• [WORK REQUEST] In the data below, find the line containing "grow-with-medicgrow-smart8-spacementgrown-day30flower-26.jpg", then set down that line and every later line up to and including the line containing "Медаль материнства II степени", exactly.

• [RECORDS FOR PROCESSING]
-------------------------

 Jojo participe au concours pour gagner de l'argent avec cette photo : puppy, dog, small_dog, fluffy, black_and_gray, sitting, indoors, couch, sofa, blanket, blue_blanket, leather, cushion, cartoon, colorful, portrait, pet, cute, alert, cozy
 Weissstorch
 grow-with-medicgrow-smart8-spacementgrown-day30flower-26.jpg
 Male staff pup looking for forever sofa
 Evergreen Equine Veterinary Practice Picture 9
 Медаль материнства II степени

-------------------------

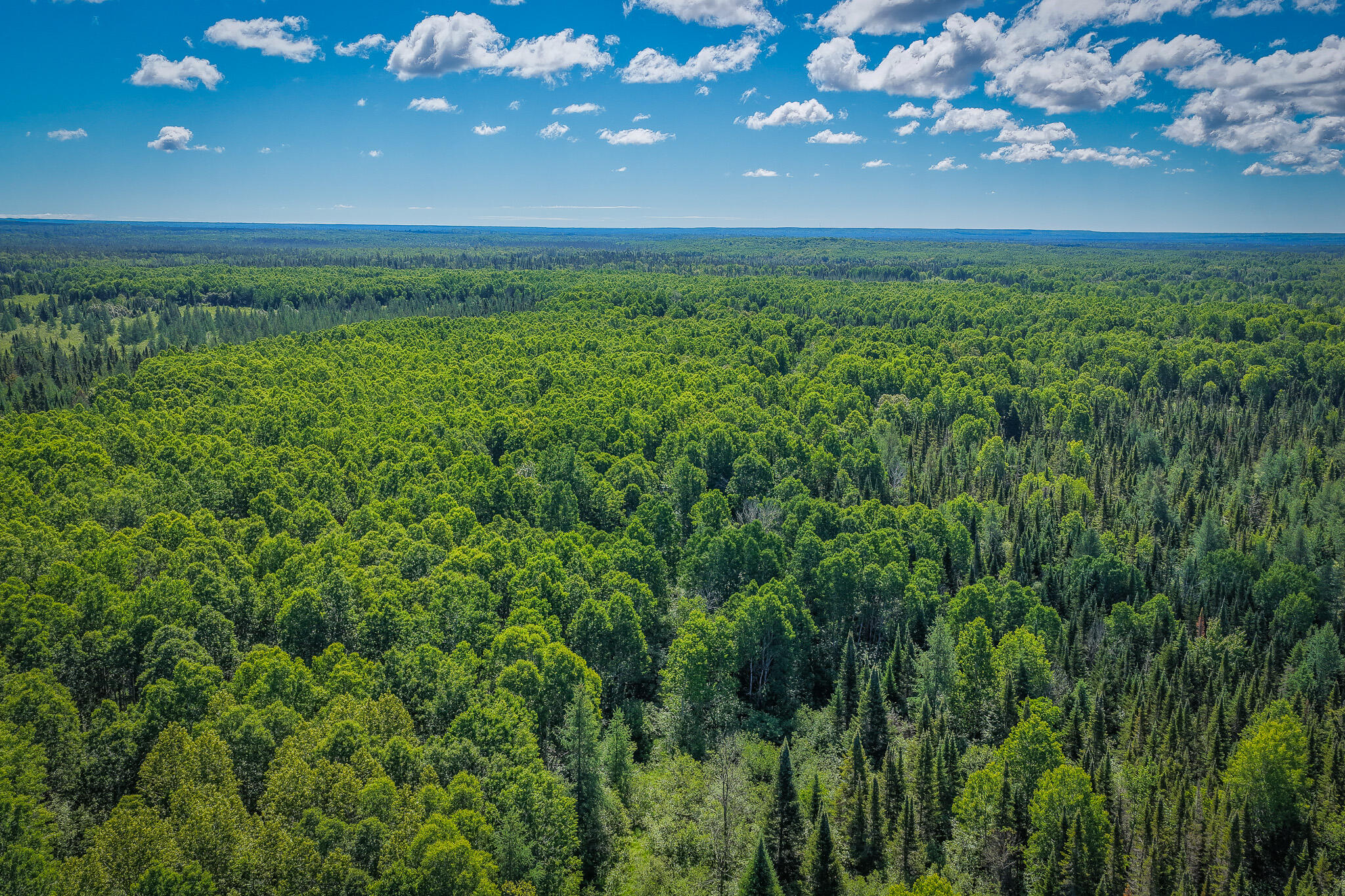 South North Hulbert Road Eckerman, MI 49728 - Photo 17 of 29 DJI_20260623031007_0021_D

-------------------------

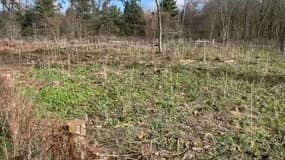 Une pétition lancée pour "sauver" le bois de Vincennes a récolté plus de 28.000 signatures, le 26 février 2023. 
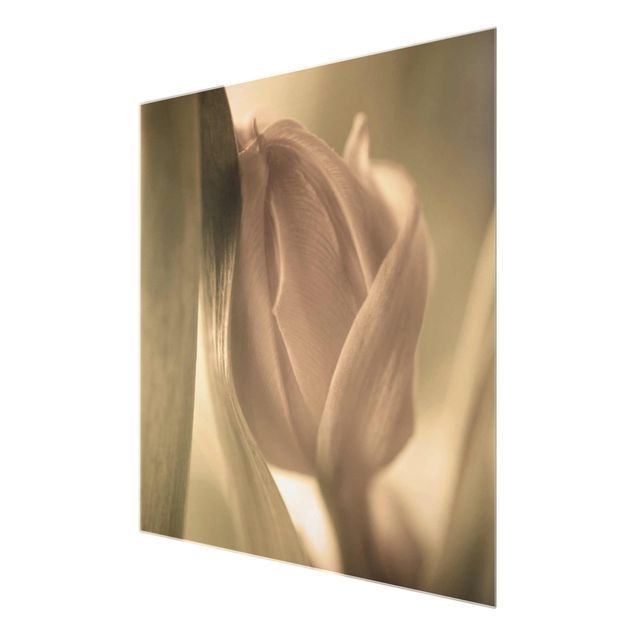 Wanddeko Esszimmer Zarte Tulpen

-------------------------

• [OUTPUT OF THE EXERCISE]
 grow-with-medicgrow-smart8-spacementgrown-day30flower-26.jpg
 Male staff pup looking for forever sofa
 Evergreen Equine Veterinary Practice Picture 9
 Медаль материнства II степени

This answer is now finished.